Agora imagina se esse mundo tão digitalizado, não está só dentro da sua casa, como é a sua mãe? Essa é a história de "Perrengue Fashion", comédia que faz uma alusão à era moderna e de influencers.
Com estreia prevista para o dia 9 de outubro e classificação indicativa para maiores de 14 anos, o filme mostra Paula Pratta (Ingrid Guimarães), uma mãe de 50 anos, que segue carreira de influenciadora digital da moda. Ao chegar um convite da Gucci, marca que sempre sonhou em trabalhar, Paula precisa convencer o filho, totalmente reservado, que não suporta aparecer nas redes, a fazer uma campanha de Dia das Mães junto a ela.
O longa-metragem é dirigido por Flávia Lacerda, que participou da direção de "O Auto da Compadecida 2", e tem o roteiro assinado pela própria Ingrid Guimarães, além de Marcelo Saback, Célio Porto e Edu Araújo.

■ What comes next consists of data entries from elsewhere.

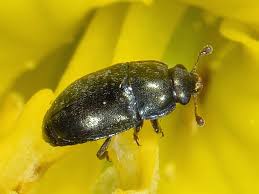 Attēlu rezultāti vaicājumam “Meligethes sp.”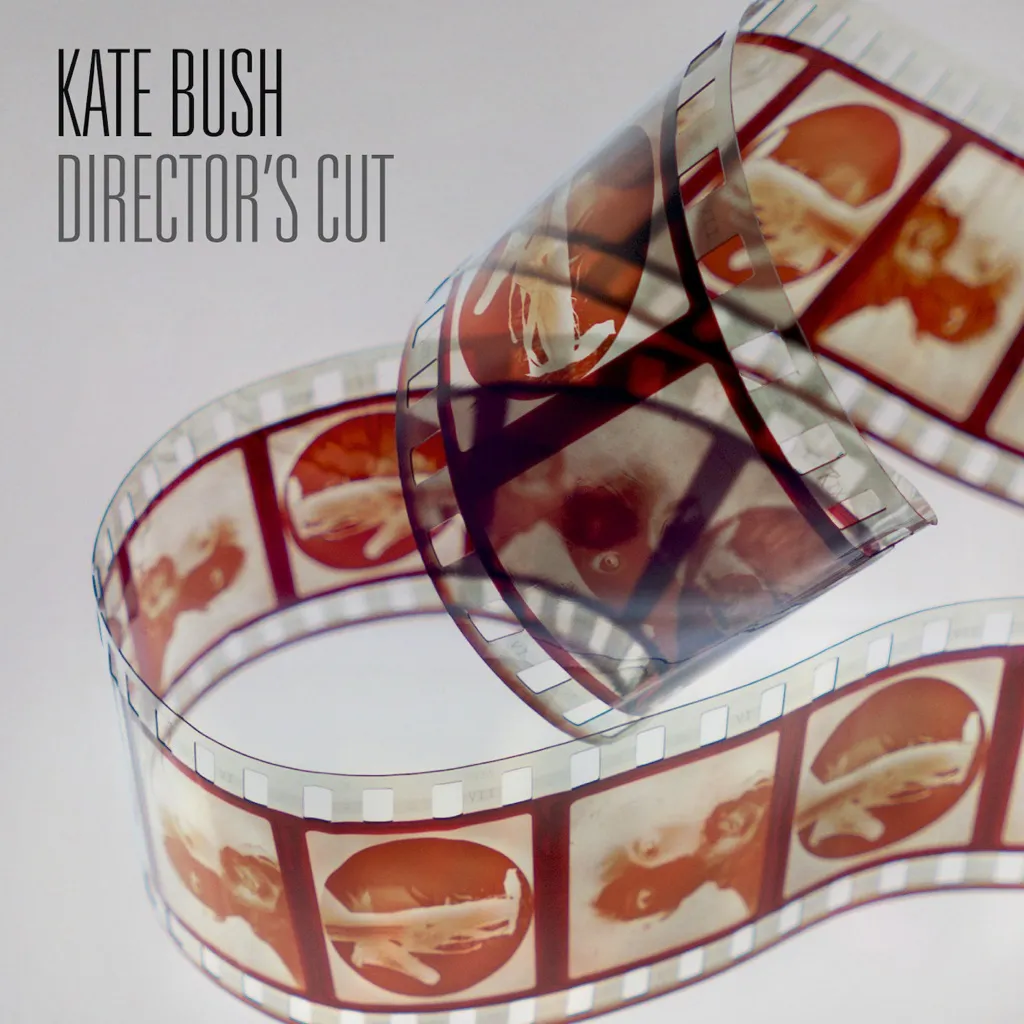 Director's Cut by Kate Bush cover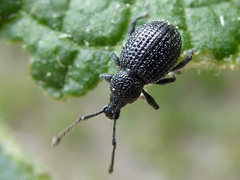 Otiorhynchus pinastri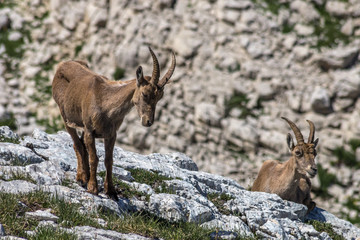 Bouquetin dans le Massif du Vercors à Villars de lans , en été , dans les alpes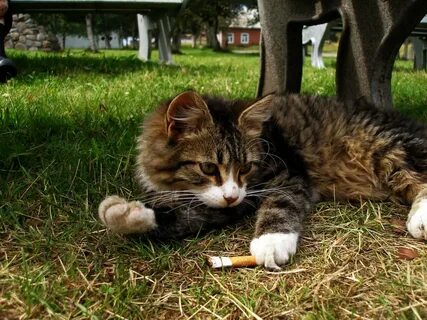 Фото кота с сигаретой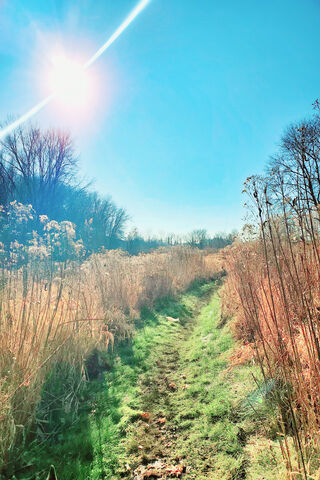Pathway to Dreams 🌅✨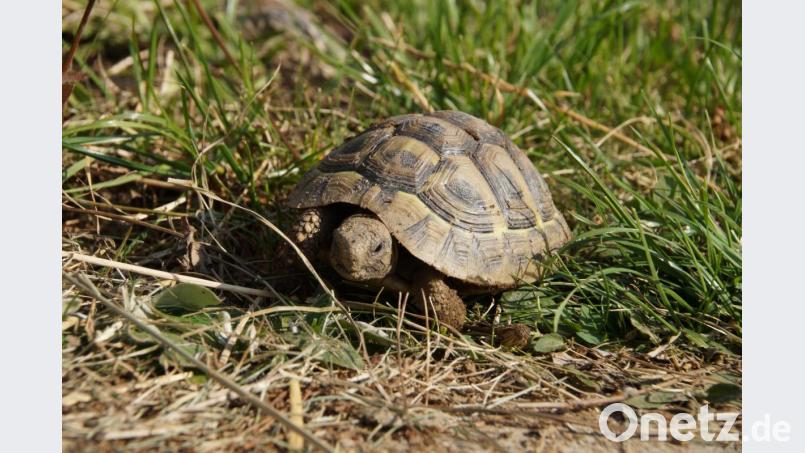 Landschildkröte Amanda lebt im Garten von Nicole Reichl in Neustadt/Waldnaab. Bild: kaz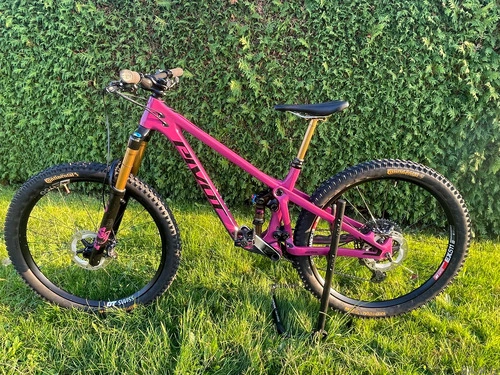 Pivot Shadowcat Pro XT/XTR
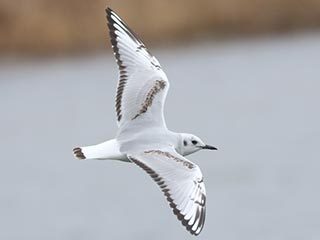 Bonaparte's Gull - 3/25/23, Rose Valley Lake © Bobby Brown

O filme também marca a primeira produção brasileira Amazon MGM Studios para as salas de cinema, com distribuição da Paris Filmes e Downtown Filmes.
Um retrato das comédias de antigamente
"Perrengue Fashion" começa como quase uma versão que o público já está cansado de ver nos cinemas: comédias antiquadas, que tentam se apropriar de uma linguagem mais recente (da Geração Z) para atingir outras massas. Só que, ao longo do filme, dá para perceber que não é bem assim.
Paula Pratta é uma mulher que sonha em estar no topo da pirâmide dos criadores de conteúdo fashion. Desde pequena, a personagem demonstra um apego pelo mundo das grifes. Sempre trabalhou muito para construir o que ela tem atualmente.
Logo no início, é mostrado que a mulher não tem muito um viés muito sustentável - em todos os sentidos. E o mundo dela cai quando ela descobre que o próprio filho largou os estudos na Universidade de Stanford para viver o ativismo ambiental em Manaus, no Amazonas. Junto a isso, ela precisa que o filho participe do maior projeto que ela já recebeu: uma campanha de Dia das Mães para a Gucci.
Então, Paula vai decidida em busca de Cadu (Filipe Bragança), com o intuito de trazê-lo de volta para casa. Acompanhada do assistente Taylor (Rafa Chalub), ela embarca em uma aventura no meio de uma comunidade ecológica e autossustentável. Chegando lá, eles conhecem Lorenzo (Michel Noher) e Luciana (Késia Estácio), os dois "líderes" da comunidade, que acabam ajudando a mãe e o filho a se reconciliarem.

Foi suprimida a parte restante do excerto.